Thoughts on politics, faith, sports and other random topics from a red state sympathizer in indigo-blue Portland, Oregon.

Monday, June 27, 2005

I'm a little late on this...

...but I'm not at all happy with the Supreme Court's ruling last week in Kelo v. New London.

According to the SCOTUSblog, the ruling said a government entity is within its constitutional rights to confiscate private property in order to allow profit-making private re-development, declaring that this constitutes a "public use" under the Constitution.

Justices John Paul Stevens, Stephen Breyer, David Souter, Ruth Bader Ginsburg, and Anthony Kennedy — the five favorite justices of the nation's liberal wing — concurred in the affirmative, forcing seven families in New London, Conn. to sell their homes to the city to make way for offices, upscale condos, and a waterfront hotel. In essence, the city could get more in property taxes, jobs and aesthetic value from the new development than from the homeowners, so out they go.

This ruling should be distressing to anyone who accuses the Bush administration of favoring big corporations over the common folk, because this ruling does exactly that — it allows big corporations to sell a pretty picture to a city council in Anywhere, USA, and allows that city to remove any private property owner who gets in the way of that pretty picture. Big Corporation gets lots of revenue from selling the redeveloped property, Big City gets lots of revenue from the new taxes on the redeveloped property, and little homeowner gets nothing but a muncipal boot in the butt.
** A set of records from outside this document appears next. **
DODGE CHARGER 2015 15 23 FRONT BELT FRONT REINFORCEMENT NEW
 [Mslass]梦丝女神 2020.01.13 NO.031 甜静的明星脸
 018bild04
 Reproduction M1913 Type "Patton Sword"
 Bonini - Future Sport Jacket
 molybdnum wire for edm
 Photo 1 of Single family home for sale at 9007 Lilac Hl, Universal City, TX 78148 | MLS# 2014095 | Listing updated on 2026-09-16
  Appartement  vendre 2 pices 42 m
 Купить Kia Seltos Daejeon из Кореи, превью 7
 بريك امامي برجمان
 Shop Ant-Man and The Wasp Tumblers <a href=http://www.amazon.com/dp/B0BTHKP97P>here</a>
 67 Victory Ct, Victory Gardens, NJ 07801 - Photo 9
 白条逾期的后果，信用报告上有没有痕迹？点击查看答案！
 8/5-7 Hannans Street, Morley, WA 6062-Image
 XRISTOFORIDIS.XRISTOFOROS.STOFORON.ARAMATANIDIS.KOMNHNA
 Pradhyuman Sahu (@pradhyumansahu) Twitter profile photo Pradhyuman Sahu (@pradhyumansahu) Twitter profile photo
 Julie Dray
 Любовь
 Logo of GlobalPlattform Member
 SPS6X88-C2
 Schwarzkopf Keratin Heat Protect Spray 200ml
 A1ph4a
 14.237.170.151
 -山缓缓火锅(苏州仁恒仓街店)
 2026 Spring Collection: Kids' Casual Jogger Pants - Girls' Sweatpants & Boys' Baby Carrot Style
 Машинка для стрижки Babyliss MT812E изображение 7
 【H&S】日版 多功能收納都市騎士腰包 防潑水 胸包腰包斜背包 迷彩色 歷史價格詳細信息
Yes, the homeowner gets "just compensation" for the property, as the Fifth Amendment states — "private property (shall not) be taken for public use, without just compensation" — though I fail to see how "public use" includes private offices, hotels & condos. But "just compensation" isn't necessarily comforting for a family that has held its property for generations and intended for future generations to grow old there.

''The fallout from this decision will not be random," wrote Justice Sandra Day O'Connor in the dissent. ''The beneficiaries are likely to be those citizens with disproportionate influence and power in the political process, including large corporations and development firms. . . . The government now has license to transfer property from those with fewer resources to those with more."

I like how Jeff Jacoby of the Boston Globe, noting how this ruling will disproportionately affect the poor, summed it up:
It isn't the high and mighty on whom avaricious governments and developers prey. Justices John Paul Stevens, Stephen Breyer, David Souter, Ruth Bader Ginsburg, and Anthony Kennedy are responsible for this execrable decision. But they'll never have to live with its consequences.
Jacoby adds: "Would your town's tax base grow if your home were bulldozed and replaced with a parking garage? If so, it may not be your home for long."

Big Brother has always been interpreted as the government, with the judicial branch as the main roadblock to government intrusion. With this ruling, it seems the judicial branch has given government a free pass to not only stick its nose in our business, but to decide if it has more important things to do with it.